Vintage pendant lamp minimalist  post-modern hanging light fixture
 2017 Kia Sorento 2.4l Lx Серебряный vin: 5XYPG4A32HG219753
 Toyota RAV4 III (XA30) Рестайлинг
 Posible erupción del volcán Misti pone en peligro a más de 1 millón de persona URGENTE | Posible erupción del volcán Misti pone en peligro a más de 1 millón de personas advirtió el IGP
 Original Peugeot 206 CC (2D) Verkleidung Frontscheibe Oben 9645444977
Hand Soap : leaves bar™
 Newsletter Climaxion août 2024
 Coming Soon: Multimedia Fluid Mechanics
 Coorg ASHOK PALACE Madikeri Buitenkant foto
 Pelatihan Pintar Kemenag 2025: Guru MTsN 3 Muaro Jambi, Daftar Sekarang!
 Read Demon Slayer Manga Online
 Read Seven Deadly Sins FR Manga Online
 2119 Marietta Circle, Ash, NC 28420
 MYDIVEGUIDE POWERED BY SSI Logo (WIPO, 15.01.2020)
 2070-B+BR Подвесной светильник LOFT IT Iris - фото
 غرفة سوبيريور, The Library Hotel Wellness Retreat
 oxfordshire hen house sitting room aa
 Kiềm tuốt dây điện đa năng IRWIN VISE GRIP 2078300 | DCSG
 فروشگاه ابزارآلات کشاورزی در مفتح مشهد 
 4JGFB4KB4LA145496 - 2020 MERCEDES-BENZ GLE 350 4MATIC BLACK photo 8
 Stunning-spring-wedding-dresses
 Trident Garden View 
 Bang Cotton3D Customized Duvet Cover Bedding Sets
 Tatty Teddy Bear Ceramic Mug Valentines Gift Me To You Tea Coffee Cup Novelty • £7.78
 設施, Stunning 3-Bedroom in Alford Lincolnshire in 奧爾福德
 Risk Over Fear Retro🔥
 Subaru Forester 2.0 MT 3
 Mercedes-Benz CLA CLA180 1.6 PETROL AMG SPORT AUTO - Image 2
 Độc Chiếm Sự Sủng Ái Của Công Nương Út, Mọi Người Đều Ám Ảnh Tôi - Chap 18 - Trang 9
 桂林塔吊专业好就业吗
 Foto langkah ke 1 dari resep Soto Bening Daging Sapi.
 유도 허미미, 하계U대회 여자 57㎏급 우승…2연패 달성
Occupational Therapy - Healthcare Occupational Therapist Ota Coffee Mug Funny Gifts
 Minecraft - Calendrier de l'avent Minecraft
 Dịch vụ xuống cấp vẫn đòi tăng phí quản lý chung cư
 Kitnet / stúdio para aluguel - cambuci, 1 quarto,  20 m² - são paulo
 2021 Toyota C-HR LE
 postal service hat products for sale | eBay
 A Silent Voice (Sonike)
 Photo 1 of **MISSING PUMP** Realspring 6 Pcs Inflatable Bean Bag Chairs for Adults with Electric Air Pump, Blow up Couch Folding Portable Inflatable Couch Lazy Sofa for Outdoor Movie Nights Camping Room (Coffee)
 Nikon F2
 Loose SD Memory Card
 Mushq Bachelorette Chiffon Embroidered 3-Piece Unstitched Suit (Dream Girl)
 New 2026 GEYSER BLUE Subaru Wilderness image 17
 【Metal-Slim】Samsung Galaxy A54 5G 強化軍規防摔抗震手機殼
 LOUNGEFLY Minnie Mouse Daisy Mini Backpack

_____

WHAT TO WORK ON: Please reproduce exactly the lines from the first one of the records above through the line containing "Read Demon Slayer Manga Online", both included, and nothing else.

OUTPUT OF THE EXERCISE:
Vintage pendant lamp minimalist  post-modern hanging light fixture
 2017 Kia Sorento 2.4l Lx Серебряный vin: 5XYPG4A32HG219753
 Toyota RAV4 III (XA30) Рестайлинг
 Posible erupción del volcán Misti pone en peligro a más de 1 millón de persona URGENTE | Posible erupción del volcán Misti pone en peligro a más de 1 millón de personas advirtió el IGP
 Original Peugeot 206 CC (2D) Verkleidung Frontscheibe Oben 9645444977
Hand Soap : leaves bar™
 Newsletter Climaxion août 2024
 Coming Soon: Multimedia Fluid Mechanics
 Coorg ASHOK PALACE Madikeri Buitenkant foto
 Pelatihan Pintar Kemenag 2025: Guru MTsN 3 Muaro Jambi, Daftar Sekarang!
 Read Demon Slayer Manga Online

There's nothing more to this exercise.